MARCEL POWELL « Horizon » (Mognomusic/ Fusion / 016)
En fils prodige et héritier inspiré, quelques accords suffisent pour que la griffe si reconnaissable de son illustre père le Brésilien Baden Powell -l’un des plus grands maîtres dans l’Histoire de la guitare- saute aux oreilles , comme on l’a entendu dernièrement en live lors du Rhino Jazz(s) Festival. Si depuis son premier enregistrement avec lui dès l’adolescence, Marcel Powell a publié onze albums sous son nom, la filiation directe est d’une totale évidence, notamment au travers des deux derniers opus, « So Baden », un hommage au répertoire de son paternel décédé en 2000, et aujourd’hui cet « Horizon » où il a réarrangé des compos légendaires de Baden à partir de ses propres influences, brésiliennes naturellement, mais aussi venues de grands jazzmen français comme Michel Legrand ou Michel Petrucciani. Avec le même raffinement technique et une sensibilité pareillement émouvante, celui qui se définit à la fois comme Brésilien (il vit dans le Rio de ses origines), Européen (né à Paris il a vécu à… Baden-Baden!), noir et métissé, donc universel, s’attache à perpétuer ce mix d’ascendances bigarrées dans ses choros, bossas, sambas et autres sérénades, mais où ici le genre est abordé sur son versant poétique et lyrique plutôt qu’énergique et dansant comme on peut le connaître par ailleurs. Attaché au sens de l’expression, donnant le sentiment d’une force tranquille dans son jeu , le fils prodige désormais quadragénaire a acquis à son tour une forme de sagesse, l’élève persévérant ayant rattrapé le maître dont il est de facto le plus légitime à pérenniser l’œuvre, intemporelle et incontournable, mais surtout en y affirmant sa propre identité en y instillant du jazz, du classique ou du flamenco sans avoir pour cela à renier la tradition brésilienne dont il est à son tour aujourd’hui parmi les grands ambassadeurs en matière de guitare.

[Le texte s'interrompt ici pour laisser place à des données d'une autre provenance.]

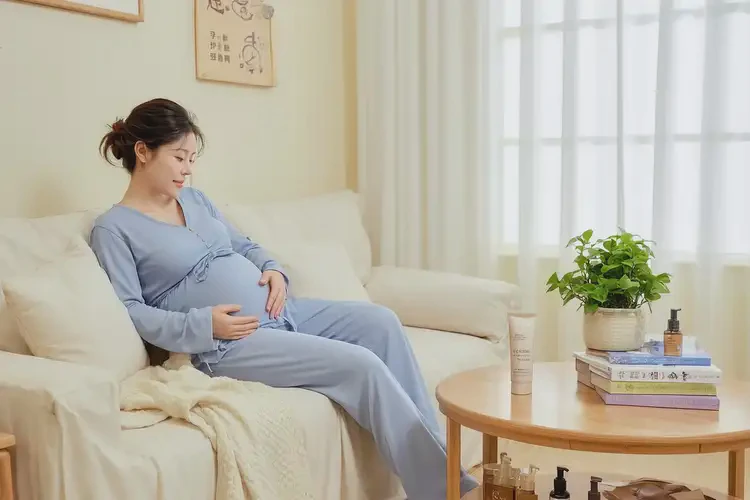 孕妇脚上容易长湿疹能治好吗(图1)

Parmi ces quatorze plages où prime la douceur des mélodies, tel le titre éponyme repris à Baden en ouverture, puis les trois compos de Marcel qui suivent avec un Milagre da Vida plus alerte, quelques invités viennent rejoindre le maître de la six cordes partout ailleurs en strict solo. Comme le vocaliste David Linx sur la longue ballade (plus de six minutes) Bilhete qui convoque aussi le mandoliniste Armandinho et où l’on se laisser bercer par les accords finement tricotés sur le manche, ou encore le trombone de Roberto de Oliveira qui vient se mêler au chant des notes de Pro Tiào.

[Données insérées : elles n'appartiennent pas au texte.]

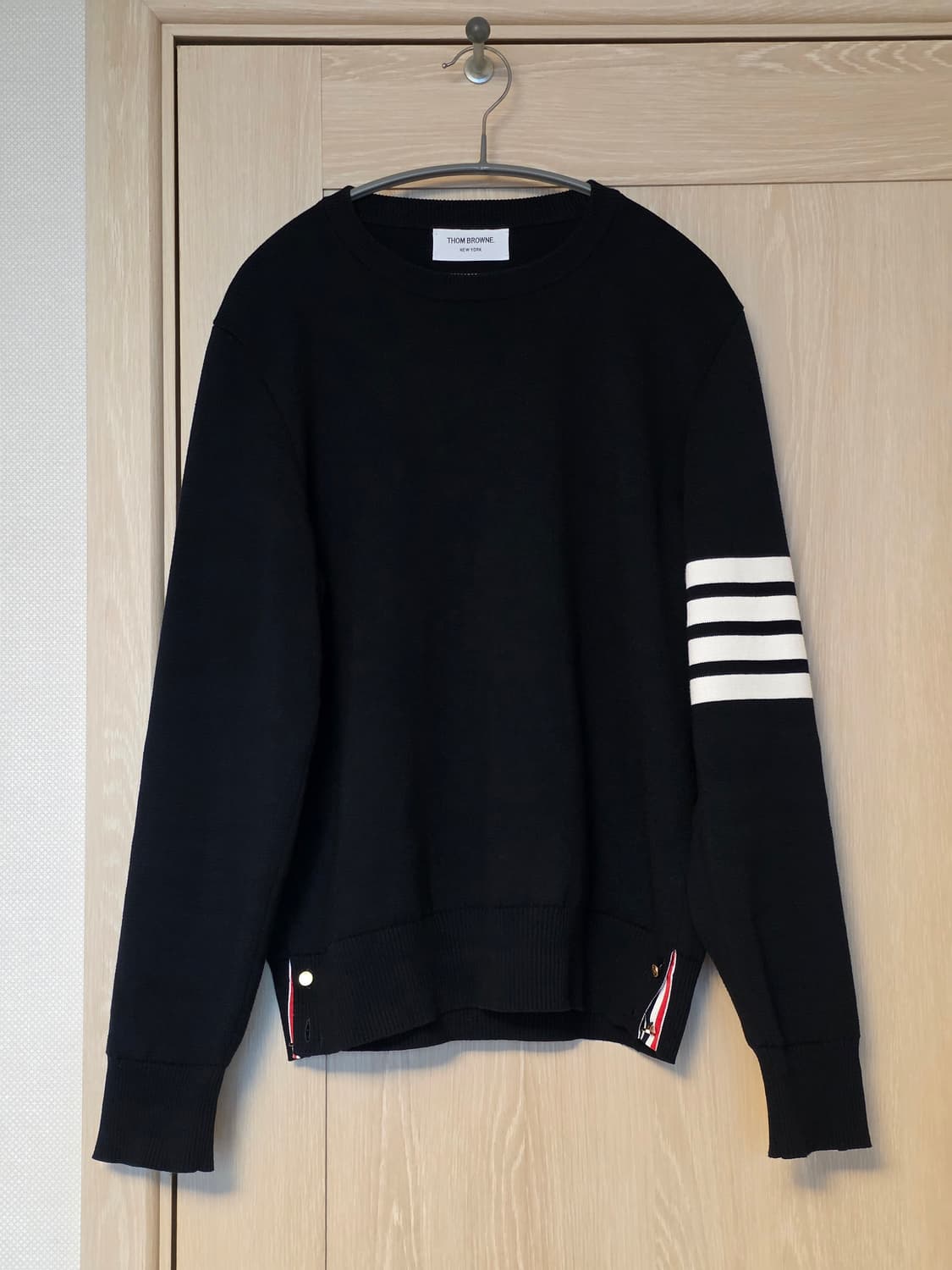 [25년식] 톰브라운 밀라노스티치 금장 니트 3사이즈 상품이미지1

Solfegietto de Carl Philipp Emmanuel Bach a l’élégance d’un madrigal baroque, avant une Samba do Aviào où l’on reconnaîtra le fameux thème de Tom Jobim qui donne envie de chantonner. Plus nostalgique sans doute de son enfance parisienne, la Valse Marmandaise vous fera quant à elle travailler vos grilles, si vous savez tenir une guitare !
Précédant Badenania 27, une revisite de la composition du guitariste Ravi Sawaya en hommage à Baden, deux autres compos donnent s’il en était encore besoin toute la mesure de l’élégance de Marcel dans la broderie fine, d’abord avec le doux mais revigorant Irrevogàvel, puis Segundo Ele é dont la mélodie nous semble déjà familière. Avant de conclure sur une ultime berceuse, Dois amigos, pour les plus récalcitrants à la position horizontale qui ne se seraient pas encore pleinement abandonnés à cet étendu ravissement guitaristique.